[Start of Attachment]

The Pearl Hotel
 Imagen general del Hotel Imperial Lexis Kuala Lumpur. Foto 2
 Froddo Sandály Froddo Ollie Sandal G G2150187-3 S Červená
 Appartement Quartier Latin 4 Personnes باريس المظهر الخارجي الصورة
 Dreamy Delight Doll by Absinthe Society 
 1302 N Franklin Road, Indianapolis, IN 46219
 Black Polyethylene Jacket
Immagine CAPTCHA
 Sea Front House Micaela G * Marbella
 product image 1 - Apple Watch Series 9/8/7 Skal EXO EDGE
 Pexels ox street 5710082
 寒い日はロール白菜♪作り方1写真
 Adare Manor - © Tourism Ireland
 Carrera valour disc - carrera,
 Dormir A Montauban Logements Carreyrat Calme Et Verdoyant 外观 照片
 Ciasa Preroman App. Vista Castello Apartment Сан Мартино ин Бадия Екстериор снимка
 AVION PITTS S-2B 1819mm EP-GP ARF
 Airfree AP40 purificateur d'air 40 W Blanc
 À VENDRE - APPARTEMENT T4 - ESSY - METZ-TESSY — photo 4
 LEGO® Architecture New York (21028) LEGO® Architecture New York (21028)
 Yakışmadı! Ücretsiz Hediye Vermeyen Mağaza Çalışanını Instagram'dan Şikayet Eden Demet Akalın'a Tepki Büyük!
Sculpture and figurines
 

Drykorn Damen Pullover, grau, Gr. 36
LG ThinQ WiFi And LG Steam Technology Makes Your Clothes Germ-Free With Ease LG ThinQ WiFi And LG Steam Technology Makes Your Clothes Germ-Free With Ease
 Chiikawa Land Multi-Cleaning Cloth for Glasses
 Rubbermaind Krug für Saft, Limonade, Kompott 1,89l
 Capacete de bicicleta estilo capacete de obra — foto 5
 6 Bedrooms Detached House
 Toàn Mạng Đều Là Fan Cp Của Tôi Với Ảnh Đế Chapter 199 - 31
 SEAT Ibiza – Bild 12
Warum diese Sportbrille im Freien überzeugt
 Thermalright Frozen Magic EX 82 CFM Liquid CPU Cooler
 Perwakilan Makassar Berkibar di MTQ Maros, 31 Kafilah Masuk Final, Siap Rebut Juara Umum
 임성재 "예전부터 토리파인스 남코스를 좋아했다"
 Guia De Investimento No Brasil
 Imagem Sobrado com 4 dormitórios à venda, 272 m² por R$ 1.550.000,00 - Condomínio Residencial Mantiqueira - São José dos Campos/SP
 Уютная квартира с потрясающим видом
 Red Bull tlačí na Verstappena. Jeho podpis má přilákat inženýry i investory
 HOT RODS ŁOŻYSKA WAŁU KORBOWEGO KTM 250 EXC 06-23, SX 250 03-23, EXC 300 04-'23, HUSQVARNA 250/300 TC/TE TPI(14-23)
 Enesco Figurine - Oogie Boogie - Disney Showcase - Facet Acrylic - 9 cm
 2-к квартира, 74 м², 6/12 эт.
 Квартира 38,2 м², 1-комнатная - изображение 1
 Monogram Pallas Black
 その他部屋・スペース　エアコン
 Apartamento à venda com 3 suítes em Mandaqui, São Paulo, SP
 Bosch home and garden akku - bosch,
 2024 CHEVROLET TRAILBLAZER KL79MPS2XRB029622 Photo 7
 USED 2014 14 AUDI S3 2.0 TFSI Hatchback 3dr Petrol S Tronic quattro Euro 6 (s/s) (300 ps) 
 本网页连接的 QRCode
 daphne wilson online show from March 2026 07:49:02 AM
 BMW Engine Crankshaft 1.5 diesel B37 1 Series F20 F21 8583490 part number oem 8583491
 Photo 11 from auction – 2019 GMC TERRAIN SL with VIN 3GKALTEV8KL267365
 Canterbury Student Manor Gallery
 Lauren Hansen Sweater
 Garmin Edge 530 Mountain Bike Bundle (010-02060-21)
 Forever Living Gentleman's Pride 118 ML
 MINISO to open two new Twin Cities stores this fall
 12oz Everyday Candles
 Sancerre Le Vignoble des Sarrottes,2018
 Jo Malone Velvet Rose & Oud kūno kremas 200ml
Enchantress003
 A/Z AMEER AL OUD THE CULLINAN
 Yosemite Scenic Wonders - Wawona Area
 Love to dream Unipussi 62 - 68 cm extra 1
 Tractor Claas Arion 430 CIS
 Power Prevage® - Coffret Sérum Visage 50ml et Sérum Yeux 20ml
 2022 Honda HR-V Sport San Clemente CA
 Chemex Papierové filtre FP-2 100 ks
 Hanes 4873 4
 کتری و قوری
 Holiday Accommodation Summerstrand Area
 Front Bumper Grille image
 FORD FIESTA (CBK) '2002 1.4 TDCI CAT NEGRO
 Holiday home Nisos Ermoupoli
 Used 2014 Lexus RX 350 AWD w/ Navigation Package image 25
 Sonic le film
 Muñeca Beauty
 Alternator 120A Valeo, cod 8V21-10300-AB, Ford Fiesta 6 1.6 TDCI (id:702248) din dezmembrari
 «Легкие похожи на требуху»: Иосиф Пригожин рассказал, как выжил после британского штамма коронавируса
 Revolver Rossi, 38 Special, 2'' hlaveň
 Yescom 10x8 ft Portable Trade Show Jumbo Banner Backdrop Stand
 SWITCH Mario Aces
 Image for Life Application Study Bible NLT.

[End of Attachment]

Required action
Reproduce, please, the lines of the material from its first line down to the line containing "寒い日はロール白菜♪作り方1写真", keeping both ends and nothing beyond them.

Response area
The Pearl Hotel
 Imagen general del Hotel Imperial Lexis Kuala Lumpur. Foto 2
 Froddo Sandály Froddo Ollie Sandal G G2150187-3 S Červená
 Appartement Quartier Latin 4 Personnes باريس المظهر الخارجي الصورة
 Dreamy Delight Doll by Absinthe Society 
 1302 N Franklin Road, Indianapolis, IN 46219
 Black Polyethylene Jacket
Immagine CAPTCHA
 Sea Front House Micaela G * Marbella
 product image 1 - Apple Watch Series 9/8/7 Skal EXO EDGE
 Pexels ox street 5710082
 寒い日はロール白菜♪作り方1写真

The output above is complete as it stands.